YOUR TASK:
An acceptable answer contains every record below, unchanged, and no pictures.

Web page caption snippets
┌────────

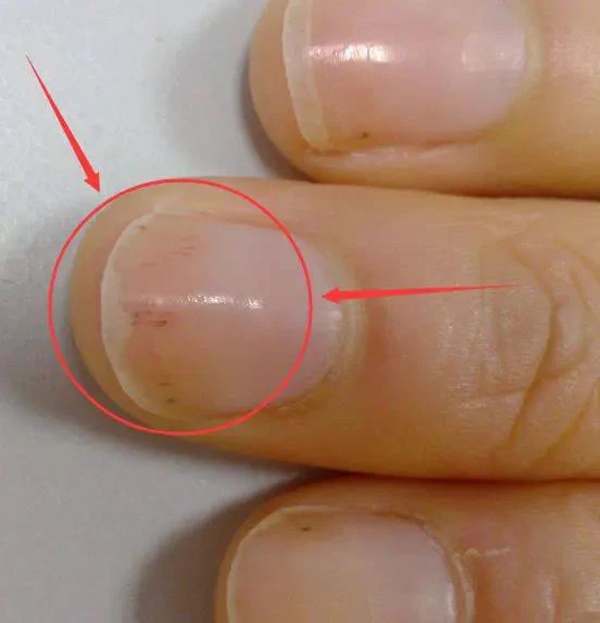 Bác sĩ cảnh báo trên móng tay có dấu hiệu này cần cẩn trọng với 5 loại bệnh, nên đi khám càng sớm càng tốt-3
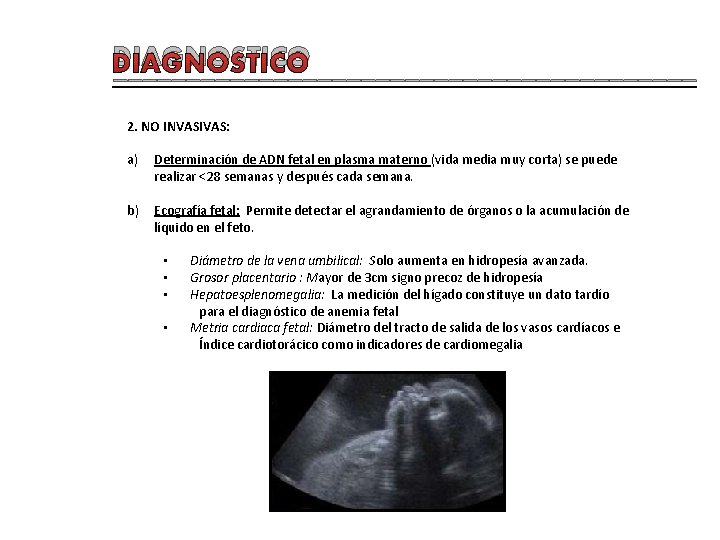 DIAGNOSTICO ____________________ 2. NO INVASIVAS: a) Determinación de ADN fetal en plasma materno (vida
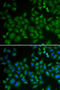 Sphingomyelin Phosphodiesterase 1 antibody, STJ28826, St John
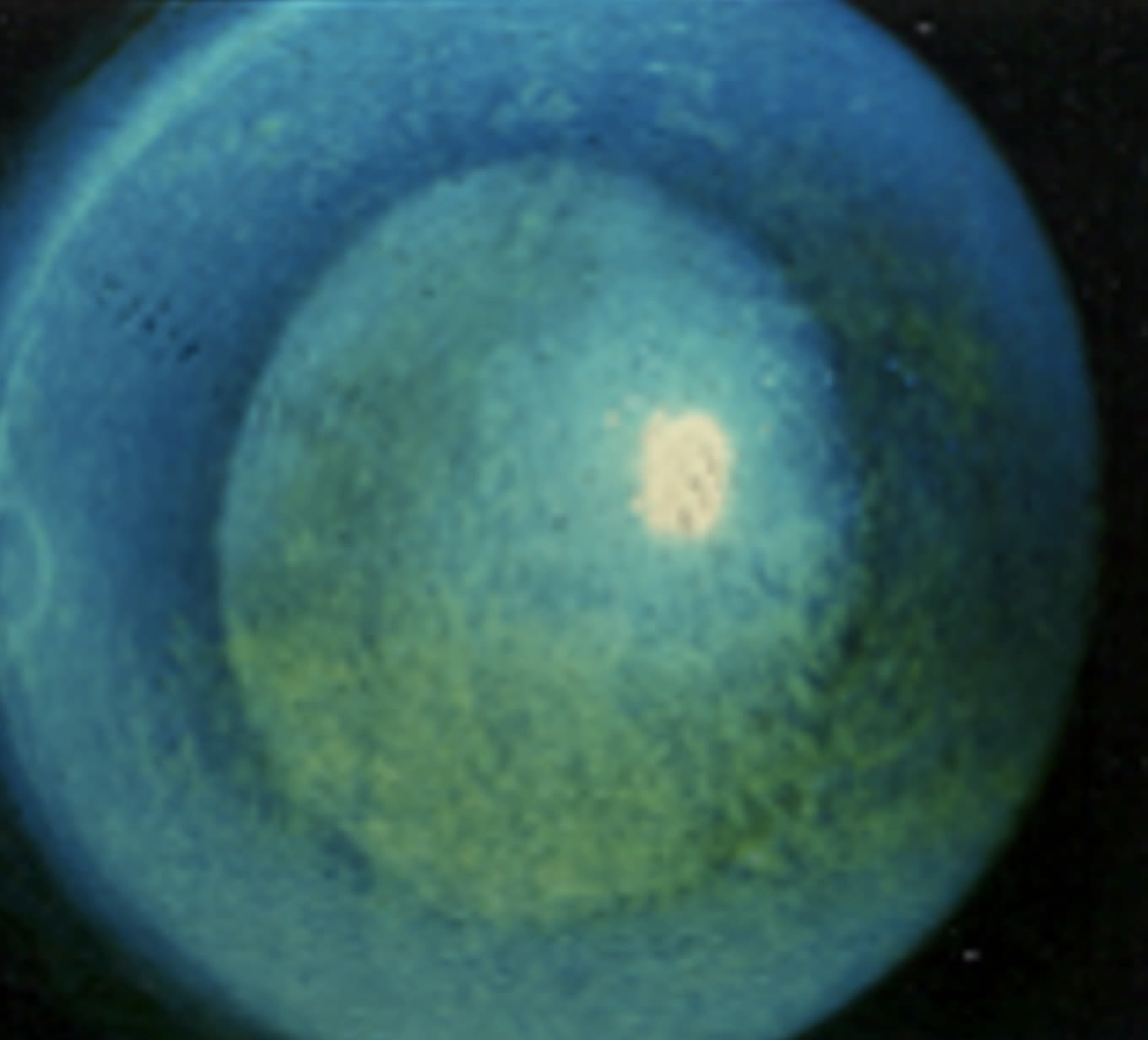 Note the corneal fluorescein staining in this severe dry eye disease patient. (Photo Courtesy: Joseph P. Shovlin, OD, FAAO)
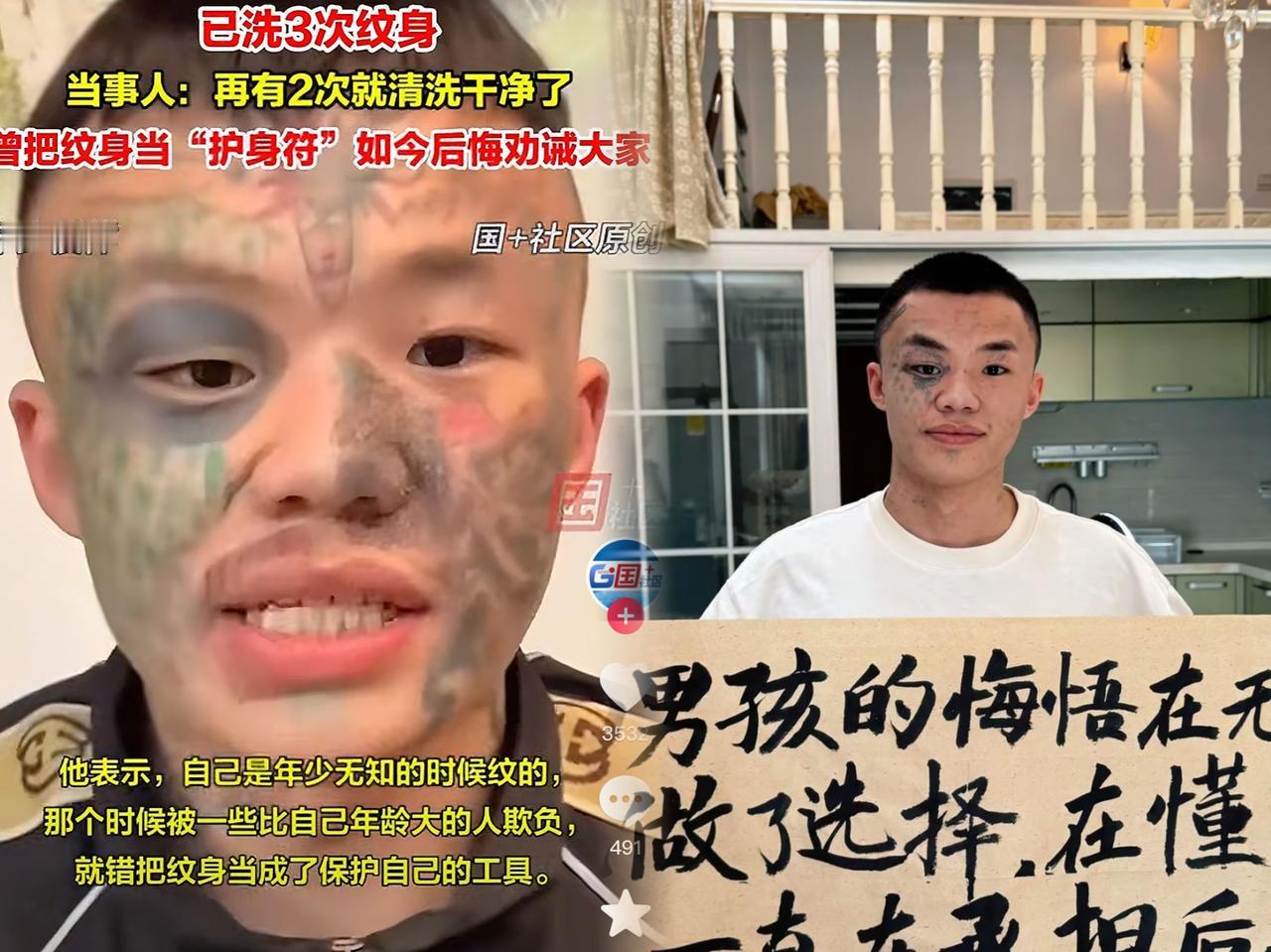 13岁在脸上纹图案‘护体’20岁为洗掉它痛到咬牙广东06年男孩夏朝勇的经历，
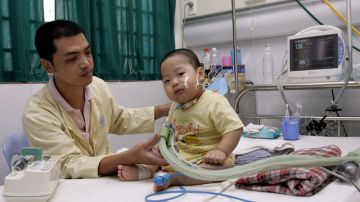 Tran Nam Trung ajusta el tubo del respirador en la garganta del pequeño Minh Giang, de 20 meses de edad.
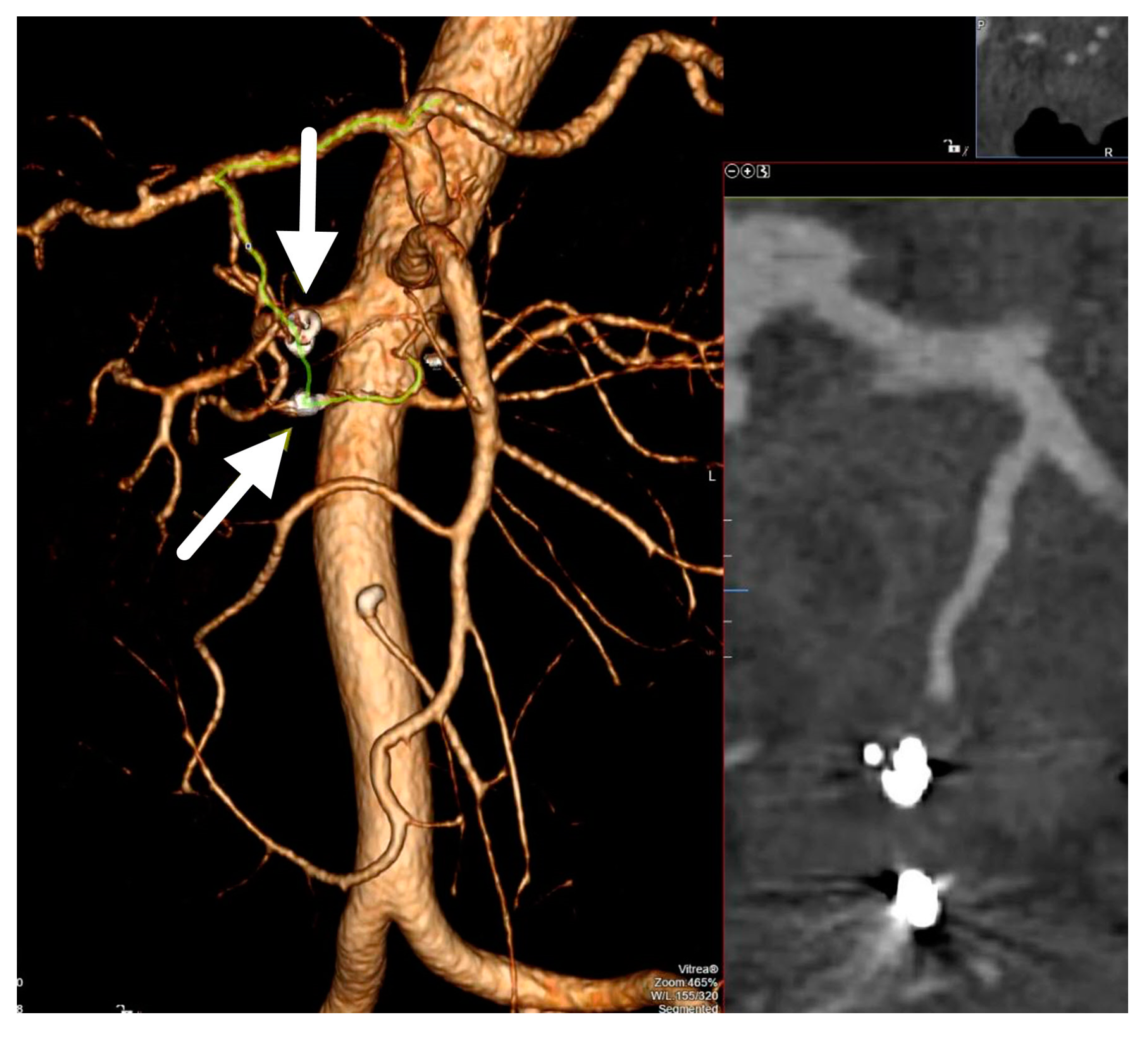 Medicina 56 00617 g005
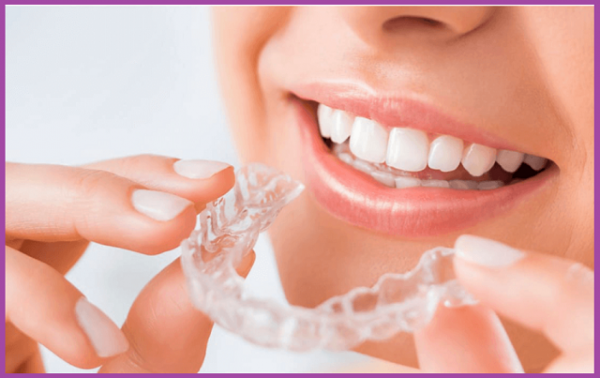 niềng răng trong suốt clear aligner đẹp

└────────

RESPONSE:
 Bác sĩ cảnh báo trên móng tay có dấu hiệu này cần cẩn trọng với 5 loại bệnh, nên đi khám càng sớm càng tốt-3
 DIAGNOSTICO ____________________ 2. NO INVASIVAS: a) Determinación de ADN fetal en plasma materno (vida
 Sphingomyelin Phosphodiesterase 1 antibody, STJ28826, St John
 Note the corneal fluorescein staining in this severe dry eye disease patient. (Photo Courtesy: Joseph P. Shovlin, OD, FAAO)
 13岁在脸上纹图案‘护体’20岁为洗掉它痛到咬牙广东06年男孩夏朝勇的经历，
 Tran Nam Trung ajusta el tubo del respirador en la garganta del pequeño Minh Giang, de 20 meses de edad.
 Medicina 56 00617 g005
 niềng răng trong suốt clear aligner đẹp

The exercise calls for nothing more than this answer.